Re: [PATCH v4 2/6] mm/zswap: reuse dstmem when decompress

Posted by Barry Song 2 years, 1 month ago

On Wed, Dec 27, 2023 at 7:32 PM Chengming Zhou
<zhouchengming@bytedance.com> wrote:
>
> On 2023/12/27 09:24, Barry Song wrote:
> > On Wed, Dec 27, 2023 at 4:56 AM Chengming Zhou
> > <zhouchengming@bytedance.com> wrote:
> >>
> >> In the !zpool_can_sleep_mapped() case such as zsmalloc, we need to first
> >> copy the entry->handle memory to a temporary memory, which is allocated
> >> using kmalloc.
> >>
> >> Obviously we can reuse the per-compressor dstmem to avoid allocating
> >> every time, since it's percpu-compressor and protected in percpu mutex.
> >
> > what is the benefit of this since we are actually increasing lock contention
> > by reusing this buffer between multiple compression and decompression
> > threads?
>
> This mutex is already reused in all compress/decompress paths even before
> the reuse optimization. I think the best way maybe to use separate crypto_acomp
> for compression and decompression.
>
> Do you think the lock contention will be increased because we now put zpool_map_handle()
> and memcpy() in the lock section? Actually, we can move zpool_map_handle() before
> the lock section if needed, but that memcpy() should be protected in lock section.
>
> >
> > this mainly affects zsmalloc which can't sleep? do we have performance
> > data?
>
> Right, last time when test I remembered there is very minor performance difference.
> The main benefit here is to simply the code much and delete one failure case.

ok.

For the majority of hardware, people are using CPU-based
compression/decompression,
there is no chance they will sleep.
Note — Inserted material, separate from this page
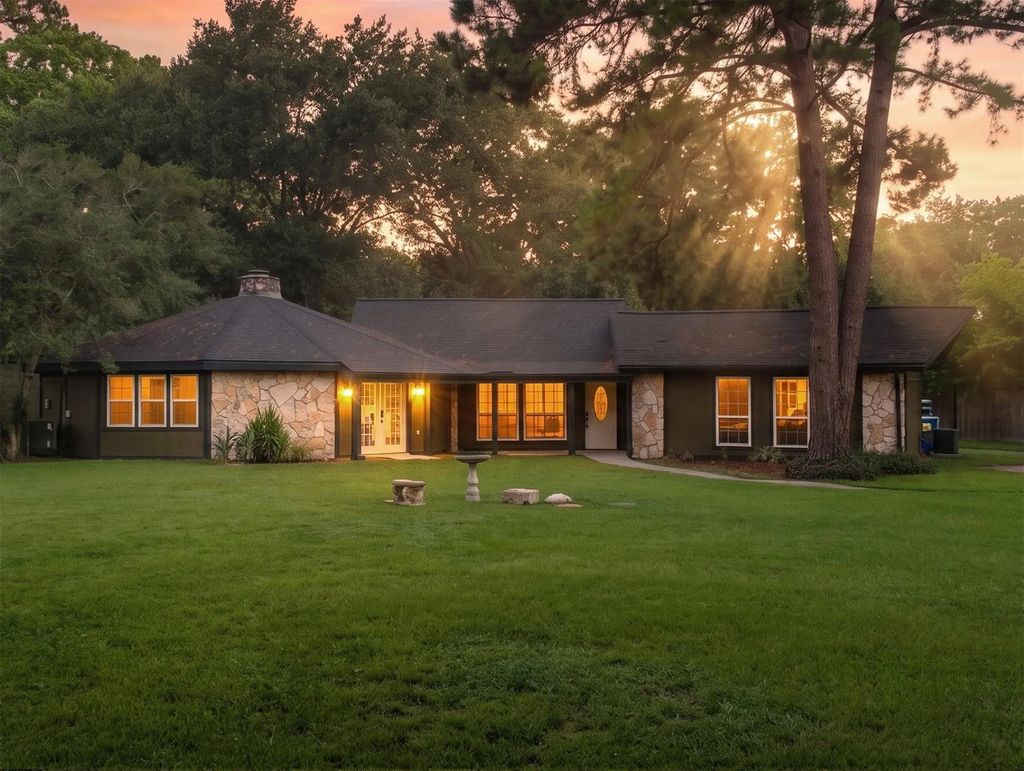 17002 Bobcat Trail, Cypress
Thus, all
compression/decompression can be done
in a zpool_map section, there is *NO* need to copy at all! Only for
those hardware which
can provide a HW-accelerator to offload CPU, crypto will actually wait
for completion by

static inline int crypto_wait_req(int err, struct crypto_wait *wait)
{
        switch (err) {
        case -EINPROGRESS:
        case -EBUSY:
                wait_for_completion(&wait->completion);
                reinit_completion(&wait->completion);
                err = wait->err;
                break;
        }

        return err;
}

for CPU-based alg, we have completed the compr/decompr within
crypto_acomp_decompress()
synchronously. they won't return EINPROGRESS, EBUSY.

The problem is that crypto_acomp won't expose this information to its
users. if it does,
we can use this info, we will totally avoid the code of copying
zsmalloc's data to a tmp
buffer for the most majority users of zswap.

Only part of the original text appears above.